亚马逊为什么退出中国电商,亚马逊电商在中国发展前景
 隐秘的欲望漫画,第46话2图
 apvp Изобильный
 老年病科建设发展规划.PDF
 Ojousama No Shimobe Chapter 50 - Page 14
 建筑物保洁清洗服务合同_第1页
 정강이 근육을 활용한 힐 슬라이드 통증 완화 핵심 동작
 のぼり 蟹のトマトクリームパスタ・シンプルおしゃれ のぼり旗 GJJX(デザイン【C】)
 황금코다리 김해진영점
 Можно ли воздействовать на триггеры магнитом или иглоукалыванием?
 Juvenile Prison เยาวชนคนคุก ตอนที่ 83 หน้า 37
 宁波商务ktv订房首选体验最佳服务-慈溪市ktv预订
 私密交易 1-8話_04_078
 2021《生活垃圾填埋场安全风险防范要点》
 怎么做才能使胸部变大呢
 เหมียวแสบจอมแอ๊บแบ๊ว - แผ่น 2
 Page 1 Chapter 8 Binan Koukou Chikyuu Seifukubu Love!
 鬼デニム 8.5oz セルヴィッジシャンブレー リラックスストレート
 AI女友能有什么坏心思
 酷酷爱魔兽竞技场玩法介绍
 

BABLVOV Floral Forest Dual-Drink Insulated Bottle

# # # # #

- Task -
Copy the lines from the one with "AI女友能有什么坏心思" through the last line of the material above, exactly as they are and with no others.

- Written response -
 AI女友能有什么坏心思
 酷酷爱魔兽竞技场玩法介绍
 

BABLVOV Floral Forest Dual-Drink Insulated Bottle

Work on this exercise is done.